IT and skill development play a pivotal role, asserts Microsoft’s Harnick at ‘Accelerating Asia Pacific 2011’ summit
By Cheranka Mendis in Malaysia
The IT industry in Asia is expected to grow at a rate of 4.8% per year in a five year period beginning from 2008. The expected growth would generate 27 million jobs and 32,000 new business ventures.
The region with an economic growth of 6.5% has managed to take over seven positions from the top 10 IT exports in the world as well. With more than 150 million people expected to enter the prime of their age over the next decade in the region, companies should now focus on developing and empowering the youth to take on the increasingly popular field of IT.
The IT industry is therefore is a critical factor for the development of Asia and in empowering the future generation to take on the reins of development.
Speaking at Microsoft’s ‘Accelerating Asia Pacific 2011’ summit in Kuala Lumpur, Microsoft’s Citizenship and Public Affairs General Manager Lori Harnick said, “Like their peers around the world Asians are not just interested in driving their own success they are interested in building a future of their own community.”
She quoted that Global studies have showed that 92% of the world youth believe that the world must change for the better while 82% believe it is their duty to drive that change and 81% believe they have the power to make that change.

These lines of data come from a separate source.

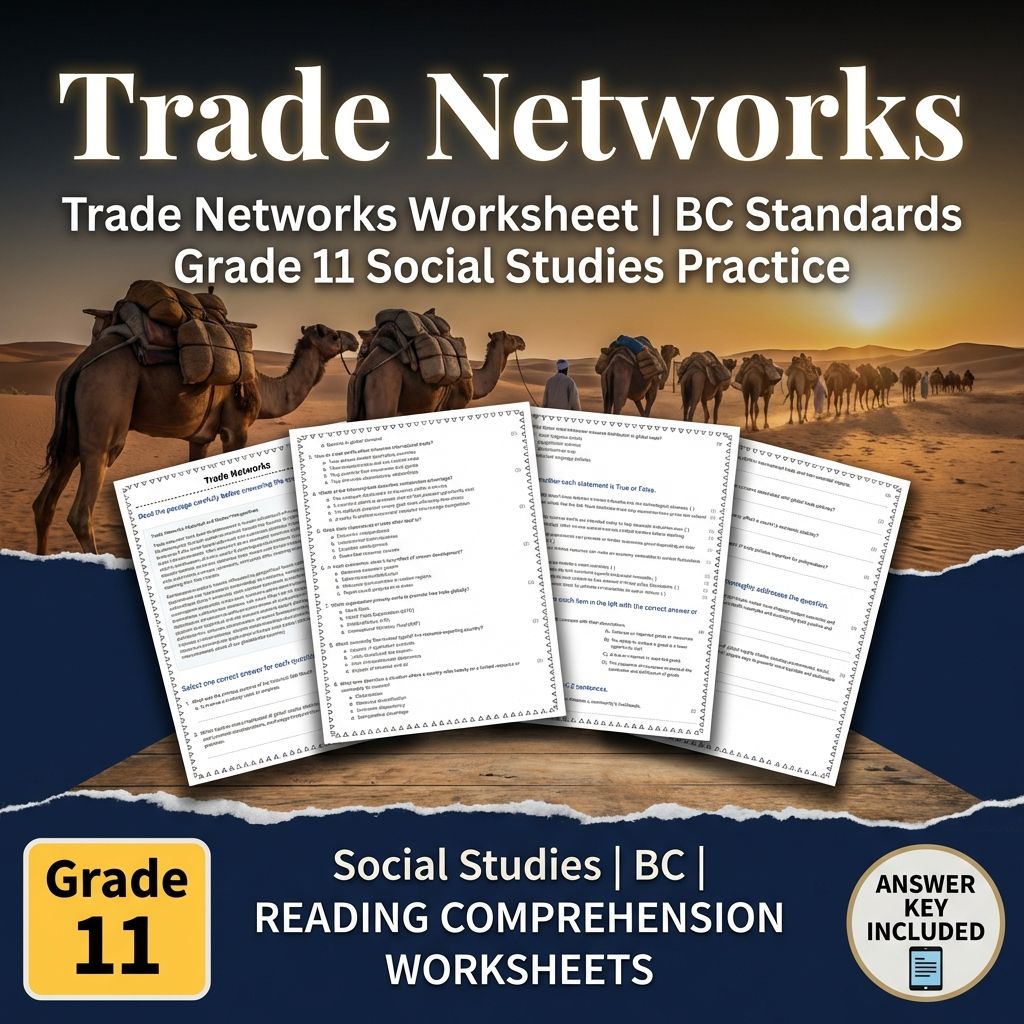 Trade Networks Worksheet | BC Standards Grade 11 Social Studies Practice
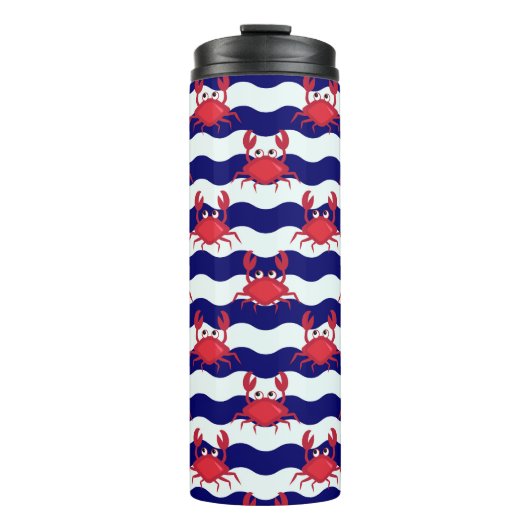 Happy Crabs Pattern Thermosbeker (Voorkant)
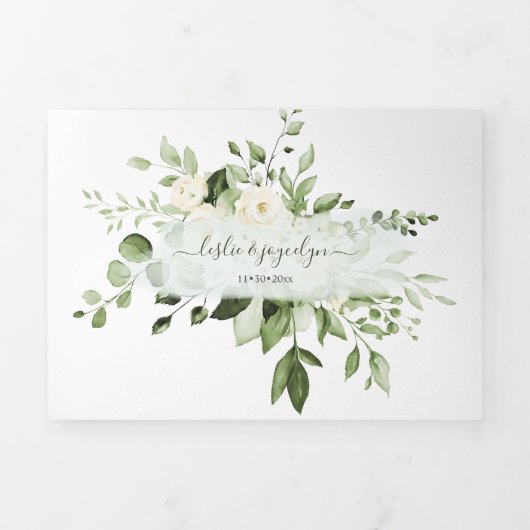 PixDezines Rustic Eucalyptus Alabaster Rozen Tri-F Drieluik Uitnodiging (Cover)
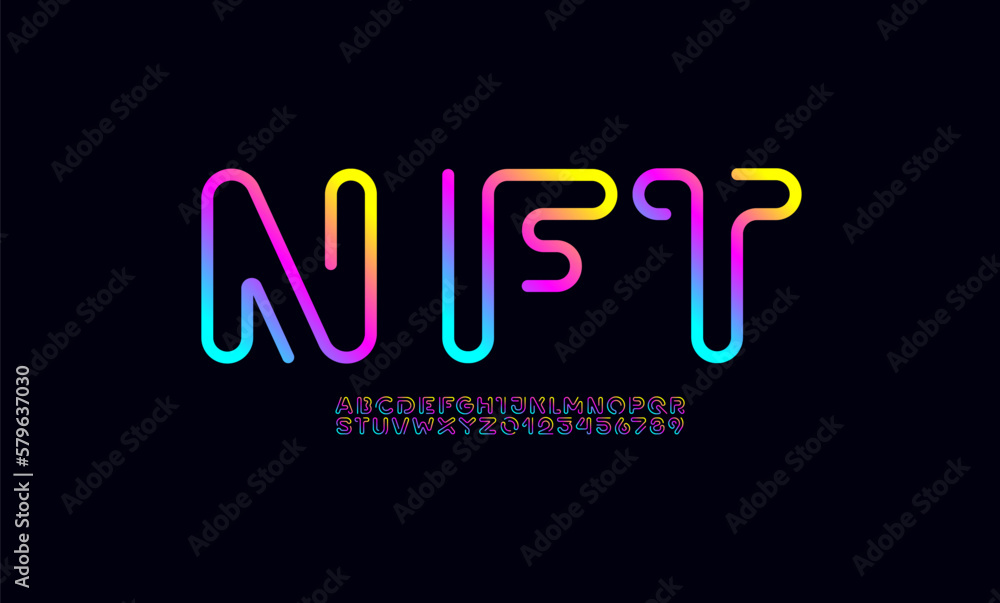 Digital style alphabet, font from segment rounded thin line, minimal linear style letters and numbers, part three, vector illustration 10EPS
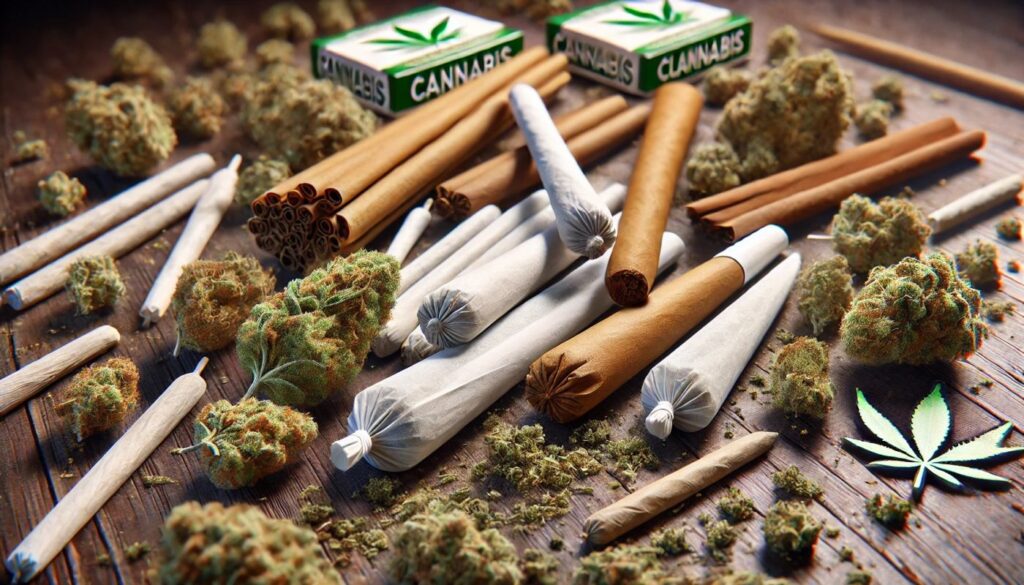 Joint, Spliff i Blant – Poznaj różnice między rodzajami skrętów 1 obraz przedstawiający jointy, spliffy i blanty rozrzucone na stole z suszem medycznej marihuany, pokazujący szczegóły i tekstury różnych rodzajów skrętów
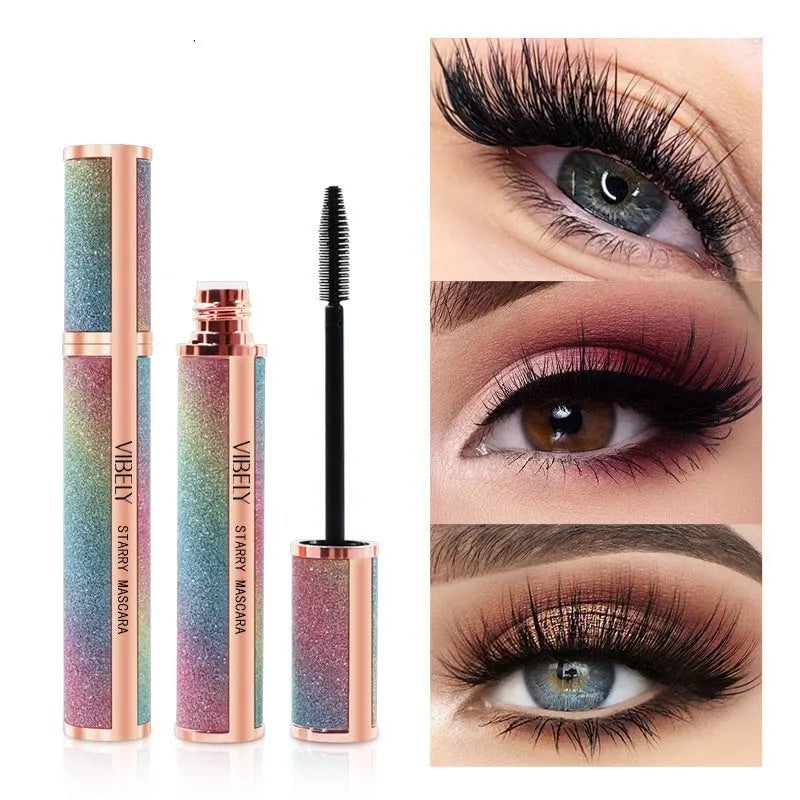 Black waterproof mascara tube with 4D curling wand for long, thick lashes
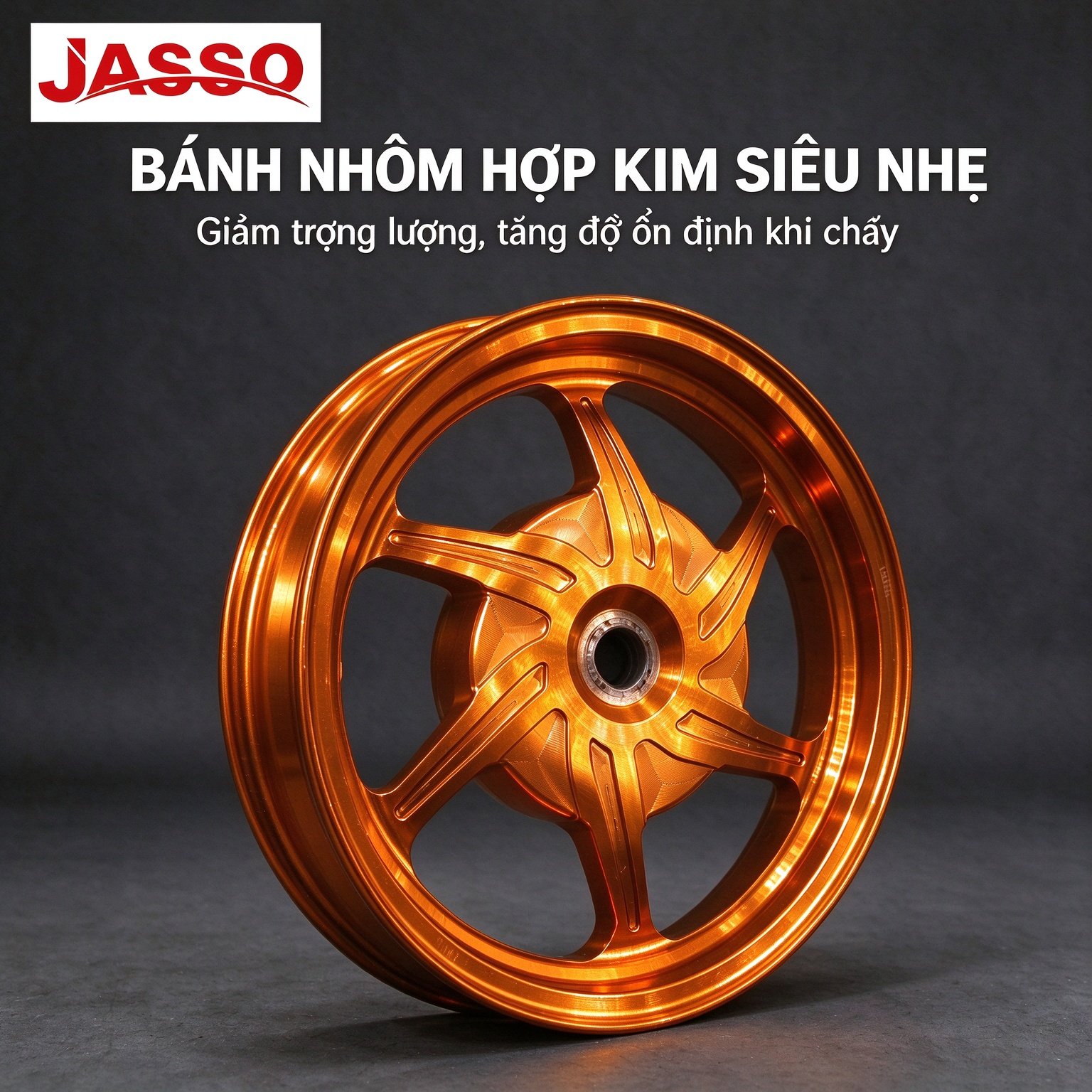 Honda GIORNO 125 Five-Point Star CNC Aluminum Wheel Rim - Bright Orange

“Fifty per cent of the people under the age of 25 in the world are here in Asia; that is a number that us just under two billion people,” Harnick said. “To drive their community and country to the world, education, experience and opportunity must be given for them to realize their full potential. The future is in their hands.”
The basic problem of access to technology is critical with one billon people having no access to ICT. She stated that 72 million primary school age students are not in school. “The lack of access to IT does not affect the emerging markets. In fact majority of the American youth living in poverty has no access to ICT/ internet.”
International Monetary Fund is said to have estimated 25% unemployment during the last few years. IMF is said to have reported that75 million youth of the age between15-25 years were unemployed by end 2010. From the employed 115 million got less than US$10 a week.
“If we do not act now to revise the trends the opportunity divide will grow. We need partnership and collaboration to get this back on track.”
Harnick stated that Microsoft believes in leveraging their combined technology, brain power and network to make opportunity happen to as many young minds as possible. Putting forth evidence of success stories of working together in Asia on collaborative measures, she commended the Sri Lankan IT development initiative ‘Gamata IT’ (IT to the village). “We are proud to have gotten the opportunity to work with the Ministry of Education in Sri Lanka on ‘Gamata IT’ which helps deliver IT skills and access to a large group of people across the country by providing youth and the communities with IT. They are not just improving their daily lives but they connect them to the future of Sri Lanka as it has never been done before. We are empowering them.”
She also spoke of the ‘Imagine Cup,’ known to be one of Microsoft’s significant investments to help the youth of the world imagine the power of technology. The global competition of ‘Imagine Cup’ this year received over 325,000 application from across 100 countries. Asia has a good showing with many entering in multiple team category and winning as well. Going beyond imaginative into realisation is BETTER Thailand. Standing for Building Employability Through Technology and Entrepreneurship Resources BETTER brings together technology and business to help the youth stand up on their own. Visayan Forum Foundation Philippines was also named as an initiative that has helped the youth.
“The youth and their empowerment play a critical role when one considers the future of the world. All opportunities must be taken to give them the best opportunities to come forward and take on the responsibilities. Collaboration could therefore be a main source for empowering the youth,” Harnick said.